Implement greater quality control.
Emphasize teamwork.
Communicate effectively with project participants.
Improve customer satisfaction.
Adapt and be flexible.
Become more efficient.
Slide #5 Businesses also face challenges in implementing project management.
These challenges include:
An unqualified project manager
Poorly defined project goals
Inaccurate estimates of needed resources
Difficulty of assessing risk
Lack of human resources
Poor communication
Disagreements among team members and stakeholders
Difficulty monitoring project changes
Scope creep, a problem where the scope of a project gets bigger and bigger
Though each project is different, they are all constrained by three common factors—scope, time, and budget.
Scope refers to what the project’s deliverable includes and—more importantly—does not include.
Time refers to the project’s schedule and deadline.
Budget refers to the cost of the resources required for accomplishing the project’s goals.
Project managers often visualize these three constraining factors as a triangle with equal sides.
If any one of the factors changes, the other two will be affected as well.
If a project’s scope expands, its time frame and budget will likely need to expand, too.
Or, if a project’s time frame or budget decreases, its scope may need to become more limited.
In the center of the triangle is the concept of quality, which is affected by all three factors.
Slide #6 There are five stages of project management: initiating, planning, executing, monitoring and controlling, and closing.
In the initiating stage, the project starts as an idea.
Managers convene to discuss if the idea is feasible or worth exploring.
If it is feasible, a statement of work is created.
The statement of work is a document that includes a short overview of the project, a definition of the project’s scope, a description of the project’s potential risks, a list of the project’s deliverables, and a list of the project’s stakeholders.
A project manager will then be named, and the project begins.
In the planning stage, a work breakdown structure (WBS) is created.
The WBS details the breakdown of the project’s work into manageable parts, and outlines criteria for determining the successful completion of these parts.
The project manager will set benchmarks and roles for all group members and establish the channels of communication.
In the executing stage, the work on the project is carried out.
Project managers will assemble a team and acquire resources, complete required tasks, and guide the team as they complete work.
In the monitoring/controlling stage, the project manager is watching the project progress and keeping it on task.
This stage happens at the same time as the executing stage.
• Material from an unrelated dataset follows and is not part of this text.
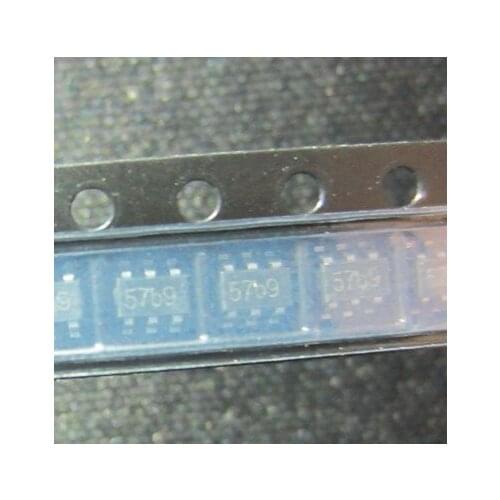 10pcs/lot PL2628 B6288 6287 Mobile power boost chip IC SOT23-6 new original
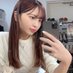 瑠美 (@gmmdj52628974) Twitter profile photo 瑠美 (@gmmdj52628974) Twitter profile photo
The closing stage is when the project’s work has been completed.
A lessons-learned document should be created to note what went well, but also what did not work.
It will be kept for future reference to inform future projects.
The closing stage is also time to celebrate and recognize the hard work that was completed.
Discussion #2: Ask students to give examples of their own projects outside of school that they worked on. How did they make a plan? How did they execute that plan? Did anyone help them while carrying out the plan?
Slide #7 As with almost all business processes, project management depends on the use of technology to be effective and efficient.
Projects commonly require the use of standard business technology such as email, video chatting, and intranet.
In addition, in recent years, hundreds of comprehensive project management software options have become available.
This software includes tools for every aspect of a project, from scheduling to budget to risk.
Examples include Wrike, Asana, Microsoft Project, and Basecamp.
These tools make it easy for project teams to collaborate and communicate digitally, saving time and costs.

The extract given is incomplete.